• PROBLEM: Repeat exactly, and only, the lines below starting at the line that contains "Other - 5536" and ending at the line that contains "Mango Farm-Fresh Leaves", inclusive of both.

• RECORDS FOR PROCESSING:
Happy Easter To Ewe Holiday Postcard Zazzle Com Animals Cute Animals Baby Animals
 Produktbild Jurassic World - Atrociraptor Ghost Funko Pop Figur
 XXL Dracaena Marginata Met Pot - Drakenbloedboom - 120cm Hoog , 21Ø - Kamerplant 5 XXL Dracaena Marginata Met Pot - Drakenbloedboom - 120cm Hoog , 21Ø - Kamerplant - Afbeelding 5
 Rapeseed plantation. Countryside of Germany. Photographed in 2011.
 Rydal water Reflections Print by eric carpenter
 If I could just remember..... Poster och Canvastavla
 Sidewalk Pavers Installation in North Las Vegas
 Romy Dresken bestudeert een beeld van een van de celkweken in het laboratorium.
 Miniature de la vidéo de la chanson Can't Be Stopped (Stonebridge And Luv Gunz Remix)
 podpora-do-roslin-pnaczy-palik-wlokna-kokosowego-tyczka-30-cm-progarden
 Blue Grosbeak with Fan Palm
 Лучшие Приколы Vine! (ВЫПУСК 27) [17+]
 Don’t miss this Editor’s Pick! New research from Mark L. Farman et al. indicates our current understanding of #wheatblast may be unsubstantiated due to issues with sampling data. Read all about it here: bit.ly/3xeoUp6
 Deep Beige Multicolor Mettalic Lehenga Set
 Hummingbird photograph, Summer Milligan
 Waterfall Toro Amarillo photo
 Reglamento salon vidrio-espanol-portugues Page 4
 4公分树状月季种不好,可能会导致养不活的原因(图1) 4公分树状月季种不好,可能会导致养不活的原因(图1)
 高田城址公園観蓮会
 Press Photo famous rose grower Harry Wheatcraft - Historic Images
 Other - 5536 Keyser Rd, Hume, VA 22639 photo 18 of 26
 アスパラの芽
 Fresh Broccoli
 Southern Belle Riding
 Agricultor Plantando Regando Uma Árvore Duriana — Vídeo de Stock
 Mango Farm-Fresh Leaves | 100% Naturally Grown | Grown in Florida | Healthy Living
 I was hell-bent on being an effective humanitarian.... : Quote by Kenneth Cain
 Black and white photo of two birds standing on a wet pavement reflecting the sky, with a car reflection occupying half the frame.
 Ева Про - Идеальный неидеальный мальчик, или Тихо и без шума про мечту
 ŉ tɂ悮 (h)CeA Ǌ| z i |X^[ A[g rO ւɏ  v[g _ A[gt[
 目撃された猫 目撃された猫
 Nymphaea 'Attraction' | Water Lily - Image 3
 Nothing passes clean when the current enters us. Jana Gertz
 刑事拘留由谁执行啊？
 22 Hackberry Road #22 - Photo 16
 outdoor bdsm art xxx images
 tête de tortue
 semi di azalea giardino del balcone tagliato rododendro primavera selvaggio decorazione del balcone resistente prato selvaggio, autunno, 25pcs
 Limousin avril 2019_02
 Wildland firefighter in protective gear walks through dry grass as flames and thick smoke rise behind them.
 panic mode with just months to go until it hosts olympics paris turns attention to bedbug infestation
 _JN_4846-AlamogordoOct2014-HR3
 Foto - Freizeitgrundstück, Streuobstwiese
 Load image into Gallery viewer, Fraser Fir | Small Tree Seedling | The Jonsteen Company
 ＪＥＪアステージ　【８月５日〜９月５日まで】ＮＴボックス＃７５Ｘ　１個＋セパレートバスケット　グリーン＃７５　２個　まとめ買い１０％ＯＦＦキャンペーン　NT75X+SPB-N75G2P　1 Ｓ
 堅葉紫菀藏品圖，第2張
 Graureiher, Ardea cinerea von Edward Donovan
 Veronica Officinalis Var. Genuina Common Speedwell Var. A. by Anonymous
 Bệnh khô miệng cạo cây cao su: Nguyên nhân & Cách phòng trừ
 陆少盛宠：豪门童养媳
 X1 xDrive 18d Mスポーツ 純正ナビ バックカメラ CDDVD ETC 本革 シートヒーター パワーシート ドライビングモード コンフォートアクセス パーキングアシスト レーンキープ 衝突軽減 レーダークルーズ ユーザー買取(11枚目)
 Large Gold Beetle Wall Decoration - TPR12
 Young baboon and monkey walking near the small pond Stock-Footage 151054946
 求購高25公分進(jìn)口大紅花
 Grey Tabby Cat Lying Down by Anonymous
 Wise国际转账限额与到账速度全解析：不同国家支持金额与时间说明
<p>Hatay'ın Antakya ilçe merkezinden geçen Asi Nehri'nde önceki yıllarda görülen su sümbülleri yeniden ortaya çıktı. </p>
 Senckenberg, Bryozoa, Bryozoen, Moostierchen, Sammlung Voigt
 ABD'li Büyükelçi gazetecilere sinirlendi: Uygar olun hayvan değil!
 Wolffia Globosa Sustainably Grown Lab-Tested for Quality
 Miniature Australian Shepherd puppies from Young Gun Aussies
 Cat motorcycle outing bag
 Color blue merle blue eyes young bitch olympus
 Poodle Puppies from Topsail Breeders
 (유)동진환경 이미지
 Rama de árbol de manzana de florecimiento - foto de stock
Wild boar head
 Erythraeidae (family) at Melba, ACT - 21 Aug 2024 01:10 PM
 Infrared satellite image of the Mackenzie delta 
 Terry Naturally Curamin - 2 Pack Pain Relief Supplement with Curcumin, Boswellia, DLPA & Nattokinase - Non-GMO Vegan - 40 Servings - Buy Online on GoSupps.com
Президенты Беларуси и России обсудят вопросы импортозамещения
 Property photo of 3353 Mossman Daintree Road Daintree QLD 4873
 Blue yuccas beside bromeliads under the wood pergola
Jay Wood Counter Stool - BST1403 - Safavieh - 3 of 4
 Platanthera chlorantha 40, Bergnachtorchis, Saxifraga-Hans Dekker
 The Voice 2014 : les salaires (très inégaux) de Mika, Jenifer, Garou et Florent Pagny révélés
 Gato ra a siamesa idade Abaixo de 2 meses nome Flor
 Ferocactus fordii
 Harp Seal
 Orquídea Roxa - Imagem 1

• WRITTEN RESPONSE:
 Other - 5536 Keyser Rd, Hume, VA 22639 photo 18 of 26
 アスパラの芽
 Fresh Broccoli
 Southern Belle Riding
 Agricultor Plantando Regando Uma Árvore Duriana — Vídeo de Stock
 Mango Farm-Fresh Leaves | 100% Naturally Grown | Grown in Florida | Healthy Living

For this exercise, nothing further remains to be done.